The final episode of Spotify: A Product Story, the podcast miniseries hosted by Spotify’s Chief R&D Officer, dropped last week.
I really enjoyed this series because it goes into more technical depth than I expected. R&D leader Gustav Söderström does a great job of pinpointing and explaining the lessons learned from each of Spotify’s monuments product challenges. There should be something useful in there for every engineering leader.
Amongst the interesting technical stories covered are:
- How Spotify gradually worked machine learning into more and more of their stack, ensured they were solving real business problems with it, and what their plans are for the future.
- How they switched from on-prem to the cloud over a number of years, how they chose their cloud vendor, and the hard choices they had to make along the way.
- Why Spotify chose to build Backstage, and how to think about build vs. buy decisions more generally.
Developer portals are a super power
I tackled two misconceptions about Backstage on the Roadie blog this week.
The main points are:
- Backstage is a reusable tool that can empower your engineers, rather than locking them in to a bespoke solution.
- Backstage doesn’t naturally block your engineers from reaching for direct API or UI access when required.
Staying on the path to high performing teams
Will Larson, ex-Stripe and currently CTO at Calm, explains that engineering teams typically exist on a continuum of 4 states. For each state, Will then describes the solution required to move the team up the value chain to the next state.
There’s also a section which explains how to think about doing this across multiple teams in an organization at the same time.

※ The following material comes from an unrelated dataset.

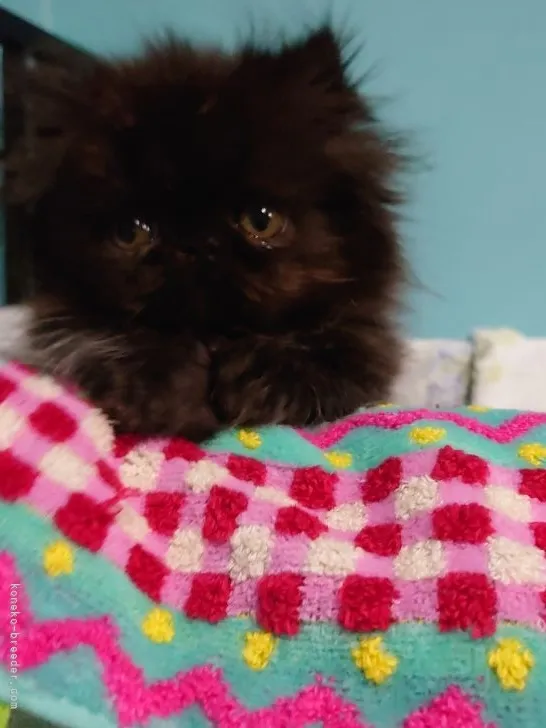 ID：2111-01186の子猫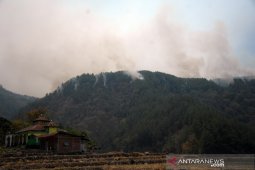 Kebakaran hutan pinus Gowa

The mortifying ordeal of pairing all day
The Cloud Foundry R&D team at Pivotal paired on code, all day every day, for years at a time.
Nat Bennett shares their opinion on the burnout and organisational failure this experiment caused.

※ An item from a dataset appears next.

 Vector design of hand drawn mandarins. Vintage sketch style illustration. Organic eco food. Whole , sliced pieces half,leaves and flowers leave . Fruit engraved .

Merged into Backstage last week
It was a 3 day week in Sweden so only 32 pull requests were merged. We still got some goodies though.

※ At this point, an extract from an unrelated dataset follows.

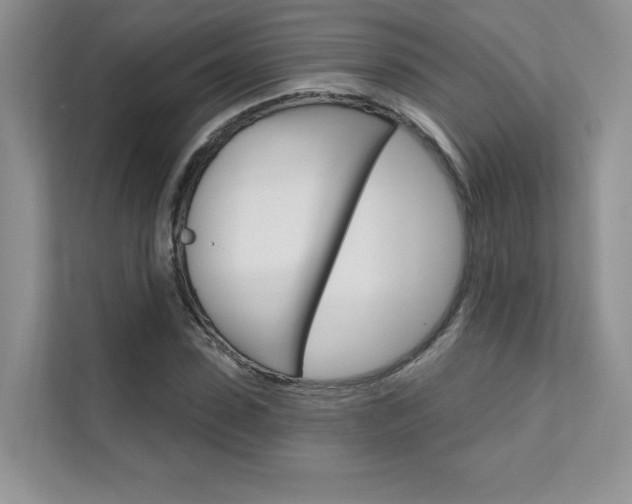 X0000111670923200907171441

Shortcuts plugin for sidebar
Spotify engineer Marcus Eide dropped this neat little shortcuts plugin in #5392. It lets you quickly add a shortcut to the Backstage sidebar.
The shortcuts are stored in your browser localstorage and are personal to you.
GitHub Release Manager plugin
This new plugin can help take some of the tedium out of publishing releases on GitHub by automatically cutting branches, tagging and releasing and promoting code, with help from the user.
There are screenshots in the pull request #5299 and the credit belongs to Spotify engineer Erik Engervall.